## Exercise description:
The full data must be written out exactly, with every line included.

## Recorded information:
▼▼▼
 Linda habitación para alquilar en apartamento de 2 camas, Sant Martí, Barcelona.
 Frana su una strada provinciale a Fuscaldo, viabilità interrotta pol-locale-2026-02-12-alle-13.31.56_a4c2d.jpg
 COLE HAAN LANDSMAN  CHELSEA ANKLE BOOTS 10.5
▲▲▲
## Response to this task:
 Linda habitación para alquilar en apartamento de 2 camas, Sant Martí, Barcelona.
 Frana su una strada provinciale a Fuscaldo, viabilità interrotta pol-locale-2026-02-12-alle-13.31.56_a4c2d.jpg
 COLE HAAN LANDSMAN  CHELSEA ANKLE BOOTS 10.5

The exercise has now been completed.